All right, let's cover the difference between a Selection tool and a Direct Selection tool and then just some basics along the way that you should just pick up if you haven't figure them out already. So the Black Arrow tool, the Selection tool, that's used to select the top level of things. So as an example, if I click on this frame, the frame has some content in it. It has a picture inside that. That picture is a separate object that sits within inside that frame. So when I click on that with the Selection tool, I am just selecting its container.
If I want to get to that content within that container, I would need to use the Direct Select tool. So if I click on the White Arrow tool, the Direct Selection tool and click on any frame that has content in it, I skip right through the frame and go straight to the content. That's why it's kind of called the Direct Selection tool. You select directly to the content that's inside that. Now, there is a variety of different ways to switch back and forth between the tools. You don't literally have to go and click on the Tools in the Tools panel and then go make your selection.
You can automate some of this. So, for instance, both the Selection tool and the Direct Selection tool have simple keyboard shortcuts. A is the Direct Selection tool. V is the regular Selection tool. So if I just quickly want to get to that content, I can just press the letter A and click and I've got that flower image selected. If I press the letter V right now, that will switch me back to the Selection tool and then I can just click on the frame again. So that's one way to toggle back and forth. There is another way to toggle that doesn't require having to press any keys on the keyboard and that's just to simply double-click.
So let's start with nothing selected. If I double-click on this frame, that switches me to the Direct Selection tool. If you take a look at the Tools panel, it now has the White Arrow selected. If I notice though, I don't actually have the frame content, the flower, selected. I have the path of the frame selected. So it requires one more click to actually then grab the content. You know you've got the content in most cases because you see the grabber hand. That's kind of your visual clue. And then in this case, the image is much bigger than the frame, so you see the image's bounding box as opposed to the frame's bounding box.

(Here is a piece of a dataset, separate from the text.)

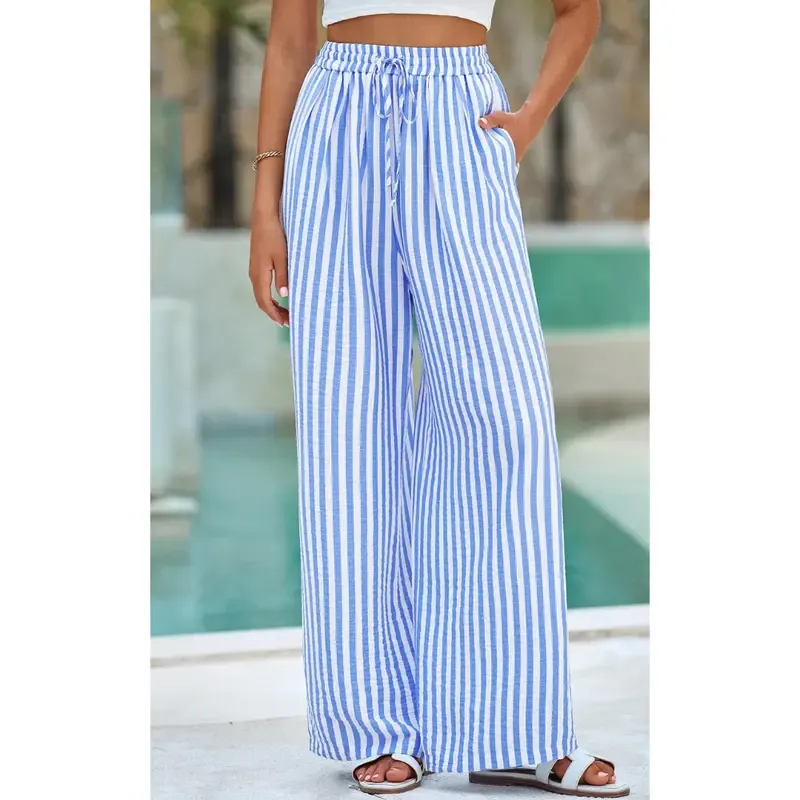 Women'S Elastic Waist Striped Lightweight Wide-Leg Pants-🔥7-Pack - All Colors Included, Only $24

Now, you can double-click again, and that will take you back up to the frame and switch you back to the Selection tool. So just some easy ways to go back and forth. Just a variety of clicking with the mouse, double-click, double-click again, or pressing V or A is another way to control it explicitly. Same thing with the text frame. If you double-click with the Selection tool, you are put into the frame and actually selecting the text of that text frame. You have been switched to the Text tool, and then to get out of the Text tool and go back to the Selection tool, just press the Escape key.
You can't press V in this context because that will actually enter the letter V into your selected text. Just press the Escape key to switch back up to the frame and switch to the regular Arrow tool again, the Selection tool again. So those are some pretty handy shortcuts. The other thing to remind you about is that you can get to the regular Selection tool from any other tool by holding down yet another modifier key. If you hold down the Command key. So right now I am in the Rectangle tool. I could be in Rotate or the Hand tool. It doesn't really matter what tool you are in.
From any tool, on the Mac, you'd hold down the Command key. You'll see the cursor temporarily changes to the Selection tool, Black Arrow. I am going to let go the Command key. On Windows, you would hold down Ctrl, same thing, and that would toggle your current tool to the Selection tool. So it lets you make another selection, and then when you let go of the key, it goes back to whatever tool you were last using. So there is your basic reminders of just differences and how to go back and forth between the regular Selection tool, and the Direct Selection tool.